------ INPUT MATERIAL

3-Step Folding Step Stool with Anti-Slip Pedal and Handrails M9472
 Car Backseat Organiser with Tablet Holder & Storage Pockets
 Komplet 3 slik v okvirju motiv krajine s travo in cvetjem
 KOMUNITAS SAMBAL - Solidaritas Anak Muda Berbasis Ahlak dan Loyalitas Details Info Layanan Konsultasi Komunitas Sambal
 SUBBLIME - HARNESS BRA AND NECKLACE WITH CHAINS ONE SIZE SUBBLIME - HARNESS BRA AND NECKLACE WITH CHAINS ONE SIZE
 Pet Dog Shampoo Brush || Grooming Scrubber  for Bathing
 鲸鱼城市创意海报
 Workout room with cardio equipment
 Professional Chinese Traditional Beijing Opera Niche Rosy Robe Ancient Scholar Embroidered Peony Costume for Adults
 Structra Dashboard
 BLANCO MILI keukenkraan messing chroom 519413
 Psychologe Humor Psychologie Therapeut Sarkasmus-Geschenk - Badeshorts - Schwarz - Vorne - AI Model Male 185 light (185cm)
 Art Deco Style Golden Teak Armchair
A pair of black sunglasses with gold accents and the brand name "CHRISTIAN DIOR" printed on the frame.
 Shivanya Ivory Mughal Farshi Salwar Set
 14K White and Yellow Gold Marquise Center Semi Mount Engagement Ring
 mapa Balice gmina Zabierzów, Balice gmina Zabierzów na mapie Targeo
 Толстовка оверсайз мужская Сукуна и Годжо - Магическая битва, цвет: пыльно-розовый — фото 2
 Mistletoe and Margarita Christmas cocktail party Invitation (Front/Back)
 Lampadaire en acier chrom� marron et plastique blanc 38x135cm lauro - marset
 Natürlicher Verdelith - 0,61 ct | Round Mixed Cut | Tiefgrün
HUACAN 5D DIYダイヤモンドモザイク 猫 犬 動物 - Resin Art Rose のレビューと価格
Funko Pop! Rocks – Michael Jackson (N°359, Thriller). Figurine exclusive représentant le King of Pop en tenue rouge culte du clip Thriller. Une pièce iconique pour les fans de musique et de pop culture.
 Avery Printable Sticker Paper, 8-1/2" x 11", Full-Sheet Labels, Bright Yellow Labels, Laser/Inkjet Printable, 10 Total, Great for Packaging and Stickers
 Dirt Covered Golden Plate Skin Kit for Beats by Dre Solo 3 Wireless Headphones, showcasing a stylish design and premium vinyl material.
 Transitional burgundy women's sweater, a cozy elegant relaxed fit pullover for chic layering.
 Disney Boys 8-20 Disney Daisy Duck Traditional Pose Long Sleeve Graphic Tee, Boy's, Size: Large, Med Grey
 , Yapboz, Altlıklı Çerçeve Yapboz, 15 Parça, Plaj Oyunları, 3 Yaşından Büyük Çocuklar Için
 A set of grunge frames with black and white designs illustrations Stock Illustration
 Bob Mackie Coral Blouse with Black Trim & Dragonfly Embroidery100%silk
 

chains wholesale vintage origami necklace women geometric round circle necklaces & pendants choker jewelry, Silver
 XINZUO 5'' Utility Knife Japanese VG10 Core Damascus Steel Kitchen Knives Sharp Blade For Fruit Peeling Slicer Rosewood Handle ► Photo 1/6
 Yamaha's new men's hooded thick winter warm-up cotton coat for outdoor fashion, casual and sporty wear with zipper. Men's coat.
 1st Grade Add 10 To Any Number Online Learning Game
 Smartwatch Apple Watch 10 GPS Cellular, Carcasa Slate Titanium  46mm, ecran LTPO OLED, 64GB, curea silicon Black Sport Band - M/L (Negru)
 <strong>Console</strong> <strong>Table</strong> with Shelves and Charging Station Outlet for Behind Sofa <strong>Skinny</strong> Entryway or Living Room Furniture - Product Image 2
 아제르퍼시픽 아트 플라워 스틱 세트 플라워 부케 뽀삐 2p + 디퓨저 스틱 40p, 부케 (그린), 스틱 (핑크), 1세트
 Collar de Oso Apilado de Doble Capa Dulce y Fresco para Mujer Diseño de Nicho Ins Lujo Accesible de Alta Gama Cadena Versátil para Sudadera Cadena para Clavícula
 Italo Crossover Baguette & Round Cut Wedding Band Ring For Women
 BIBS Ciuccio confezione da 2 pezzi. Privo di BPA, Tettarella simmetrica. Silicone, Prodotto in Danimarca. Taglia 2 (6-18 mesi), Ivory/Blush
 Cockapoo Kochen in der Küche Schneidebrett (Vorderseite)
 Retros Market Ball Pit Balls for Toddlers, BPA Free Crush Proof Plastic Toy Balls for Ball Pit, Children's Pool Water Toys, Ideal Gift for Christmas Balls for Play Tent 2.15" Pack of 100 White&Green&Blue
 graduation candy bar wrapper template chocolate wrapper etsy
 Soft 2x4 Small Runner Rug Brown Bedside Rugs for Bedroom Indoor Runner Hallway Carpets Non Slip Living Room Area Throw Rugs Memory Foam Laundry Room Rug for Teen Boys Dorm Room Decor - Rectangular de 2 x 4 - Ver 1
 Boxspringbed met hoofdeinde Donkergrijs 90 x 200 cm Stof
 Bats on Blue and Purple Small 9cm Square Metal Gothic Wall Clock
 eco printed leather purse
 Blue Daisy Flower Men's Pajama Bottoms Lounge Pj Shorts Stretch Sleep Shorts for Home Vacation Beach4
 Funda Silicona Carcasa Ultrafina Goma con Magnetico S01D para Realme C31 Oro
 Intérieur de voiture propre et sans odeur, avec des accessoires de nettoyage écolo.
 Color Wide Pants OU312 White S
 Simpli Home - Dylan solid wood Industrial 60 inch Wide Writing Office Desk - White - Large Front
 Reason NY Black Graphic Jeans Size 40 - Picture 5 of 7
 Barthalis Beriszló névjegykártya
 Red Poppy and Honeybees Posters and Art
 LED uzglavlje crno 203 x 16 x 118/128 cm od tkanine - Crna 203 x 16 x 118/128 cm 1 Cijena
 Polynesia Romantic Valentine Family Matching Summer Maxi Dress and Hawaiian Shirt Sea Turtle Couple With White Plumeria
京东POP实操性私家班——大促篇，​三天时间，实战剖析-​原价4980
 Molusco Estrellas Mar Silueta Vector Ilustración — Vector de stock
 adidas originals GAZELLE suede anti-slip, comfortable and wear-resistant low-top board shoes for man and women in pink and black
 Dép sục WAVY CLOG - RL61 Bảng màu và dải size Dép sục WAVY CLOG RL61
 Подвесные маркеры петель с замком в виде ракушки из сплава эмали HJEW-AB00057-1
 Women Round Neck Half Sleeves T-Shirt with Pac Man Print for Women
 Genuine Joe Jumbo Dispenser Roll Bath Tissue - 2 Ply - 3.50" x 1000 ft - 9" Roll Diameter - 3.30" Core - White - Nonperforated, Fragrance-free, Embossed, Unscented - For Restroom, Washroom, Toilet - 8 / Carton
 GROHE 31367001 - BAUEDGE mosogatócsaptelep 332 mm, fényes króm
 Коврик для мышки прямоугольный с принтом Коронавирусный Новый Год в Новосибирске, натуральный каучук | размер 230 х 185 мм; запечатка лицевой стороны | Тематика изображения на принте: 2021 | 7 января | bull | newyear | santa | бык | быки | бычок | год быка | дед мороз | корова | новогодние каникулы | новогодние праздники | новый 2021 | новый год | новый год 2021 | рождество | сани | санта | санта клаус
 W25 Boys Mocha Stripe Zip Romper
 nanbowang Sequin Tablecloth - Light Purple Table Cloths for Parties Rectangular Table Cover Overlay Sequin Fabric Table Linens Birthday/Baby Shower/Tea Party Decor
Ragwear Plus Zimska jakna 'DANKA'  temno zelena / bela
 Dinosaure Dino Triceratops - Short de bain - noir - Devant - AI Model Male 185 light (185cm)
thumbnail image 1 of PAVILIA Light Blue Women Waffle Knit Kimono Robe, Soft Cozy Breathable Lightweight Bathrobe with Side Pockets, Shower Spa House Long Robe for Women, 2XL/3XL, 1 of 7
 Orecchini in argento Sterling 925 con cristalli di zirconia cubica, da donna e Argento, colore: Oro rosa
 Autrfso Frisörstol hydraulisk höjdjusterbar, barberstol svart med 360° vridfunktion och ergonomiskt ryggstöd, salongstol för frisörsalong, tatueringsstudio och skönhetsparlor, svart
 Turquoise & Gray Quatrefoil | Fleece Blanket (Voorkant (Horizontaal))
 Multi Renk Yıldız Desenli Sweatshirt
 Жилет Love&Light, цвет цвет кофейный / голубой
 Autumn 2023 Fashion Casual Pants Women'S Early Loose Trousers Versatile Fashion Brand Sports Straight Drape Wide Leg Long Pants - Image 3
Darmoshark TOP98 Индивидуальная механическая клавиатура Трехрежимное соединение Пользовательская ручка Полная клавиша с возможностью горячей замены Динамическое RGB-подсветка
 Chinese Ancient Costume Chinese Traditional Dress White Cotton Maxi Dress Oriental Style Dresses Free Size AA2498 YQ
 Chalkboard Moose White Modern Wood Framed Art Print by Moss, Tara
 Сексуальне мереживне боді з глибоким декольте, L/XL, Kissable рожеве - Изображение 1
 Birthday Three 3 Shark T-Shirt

------------

> _WHAT YOU WILL DO_
Out of the data above, give again only the lines starting at the one holding "W25 Boys Mocha Stripe Zip Romper" and ending at the one holding "Dinosaure Dino Triceratops", unchanged.

> _RESULT OF THE TASK_
 W25 Boys Mocha Stripe Zip Romper
 nanbowang Sequin Tablecloth - Light Purple Table Cloths for Parties Rectangular Table Cover Overlay Sequin Fabric Table Linens Birthday/Baby Shower/Tea Party Decor
Ragwear Plus Zimska jakna 'DANKA'  temno zelena / bela
 Dinosaure Dino Triceratops - Short de bain - noir - Devant - AI Model Male 185 light (185cm)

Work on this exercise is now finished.